Joëlle Snaith is a self developed visual artist whose work is focused on audio visualisations and the connection between sound and form. She started exploring moving image in 2008, and produced a number of audio reactive animation projects that formed the basis of her aesthetic. Her interest in creative coding and generative graphics led to explorations using the open source programming language Processing, and more recently the visual programming language Quartz Composer to create real-time live visuals. Using generative graphics and procedural animation, she designs elegant and emotive moving images with primary focus on detail.
The structure and organisation of code resonates with her character and aesthetic, but the generative nature of the process often reveals unexpected results, Joëlle finds this element of the process insightful as she learns to embrace the unforeseen and the unplanned. Her work reflects a minimalist approach that generally rejects colour – sometimes organic, sometimes geometric, often abstract and always a visual translation of emotion and environment.
Having spent the last 10+ years designing interfaces for digital media and clients including Adidas and Glade Festival, as well as Superbalist and Visi Magazine in South Africa, Joëlle has now been commissioned to design a live audio-visual show for Killawatt. We decided to catch up with her to find out more about her past in graphics and how she has honed her skills over the years.
Hi Joelle, completely love the aesthetic and new showreel for 2015. Can you explain how you would even go about producing such depth and clarity in your videos?
Thank you! It all starts with the music. With each of my videos, I had heard a track that resonated deeply with me, and I just needed to make a visual to it. It often starts without too much planning.

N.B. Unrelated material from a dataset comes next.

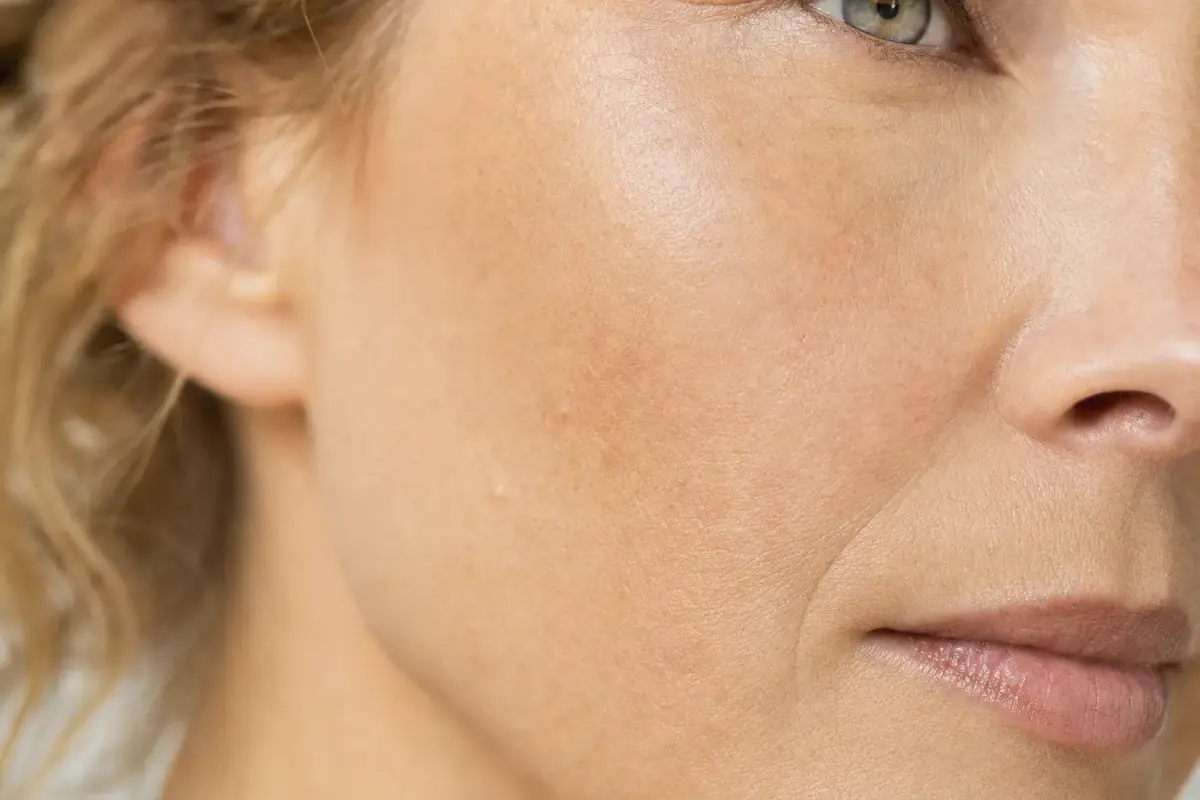 Macro of the cheek of a woman in her forties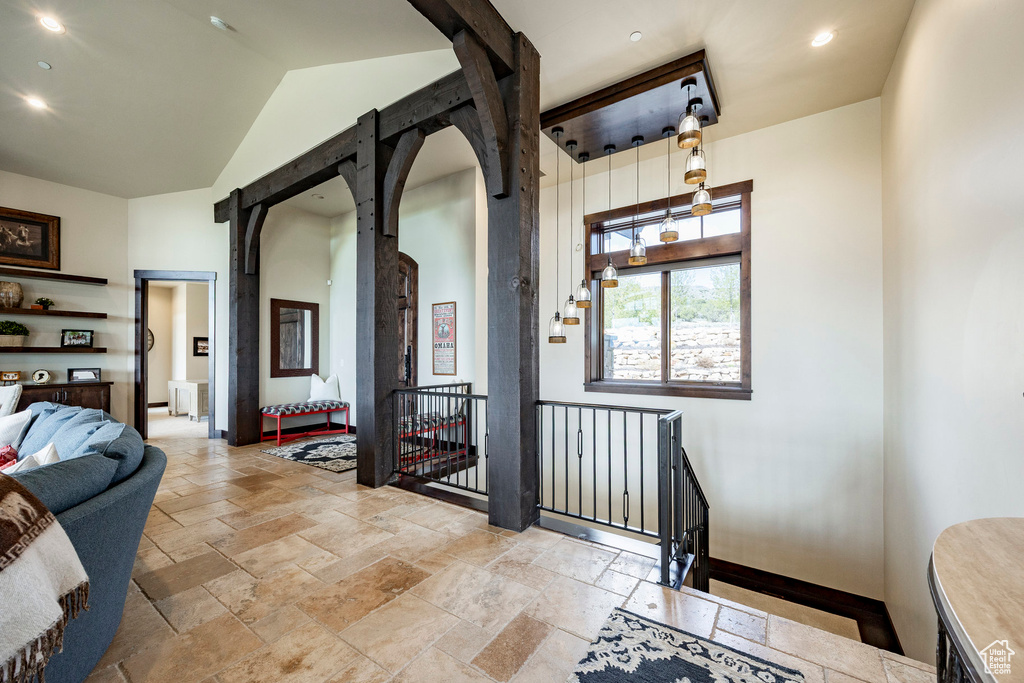 Hall with recessed lighting, stone tile flooring, baseboards, arched walkways, and an upstairs landing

I like to allow for a good amount of experimentation especially in the beginning, and not be constrained. Perhaps because I am often working within a number of constraints when I’m designing interfaces. It’s kind of hard to explain to be honest but it’s definitely informed by the music.

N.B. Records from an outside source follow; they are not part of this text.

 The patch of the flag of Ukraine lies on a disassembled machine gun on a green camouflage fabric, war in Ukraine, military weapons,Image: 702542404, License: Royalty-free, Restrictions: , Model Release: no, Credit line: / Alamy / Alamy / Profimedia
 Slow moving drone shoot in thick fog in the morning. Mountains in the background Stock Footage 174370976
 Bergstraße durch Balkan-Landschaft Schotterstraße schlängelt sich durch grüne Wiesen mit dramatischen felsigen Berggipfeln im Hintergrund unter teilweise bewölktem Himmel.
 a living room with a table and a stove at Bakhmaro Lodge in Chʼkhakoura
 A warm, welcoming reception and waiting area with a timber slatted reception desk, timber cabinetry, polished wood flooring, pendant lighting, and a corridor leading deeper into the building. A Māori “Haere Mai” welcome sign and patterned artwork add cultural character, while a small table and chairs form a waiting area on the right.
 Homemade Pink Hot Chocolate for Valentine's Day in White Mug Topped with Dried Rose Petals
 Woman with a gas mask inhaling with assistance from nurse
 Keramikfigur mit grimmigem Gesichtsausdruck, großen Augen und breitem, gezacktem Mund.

I recently designed a live visuals pack for Serato video, where I designed the visuals first and then had to pick a track for the promo video, worst weekend ever. It has to work the other way round for me. I want to draw myself into the track and not distract too much from it, enhance the sound with a visual, so that’s the starting point.
What skills and experience have you had to gain in order to achieve your aesthetic?

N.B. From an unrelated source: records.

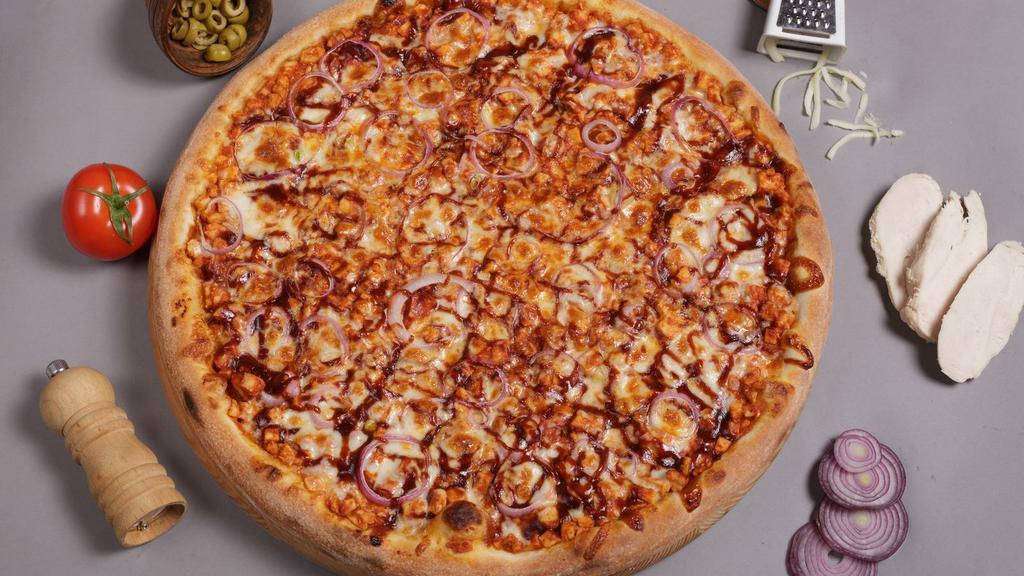 Bbq Chicken Pizza · Features a thin and crispy crust with grilled boneless breast of chicken with onions & BBQ sauce.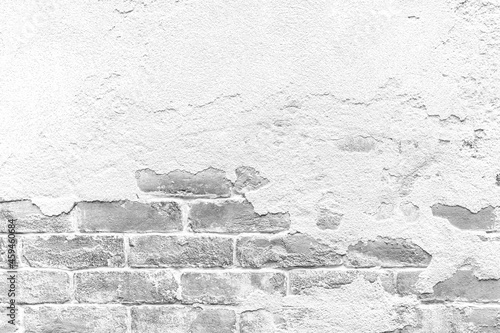 Old cement wall painted white, peeling paint texture and background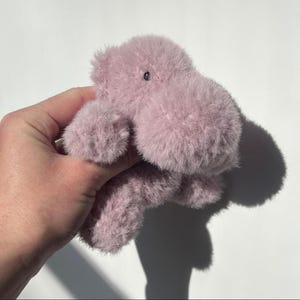 May include: A plush, lavender-colored hippo toy with a soft, furry texture. The toy has a small, black eye and is held against a white background. The hippo's shadow is visible.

I think that working at various agencies as an interactive designer gave me a good grounding in basic design principles. I always had different taste to a lot of the visuals I would see at parties, which often felt so over the top and too colourful and noisy. I think that constantly crafting and polishing the details in the interfaces I was designing taught me the importance of refining a design, and also encouraged a “less is more” mentality.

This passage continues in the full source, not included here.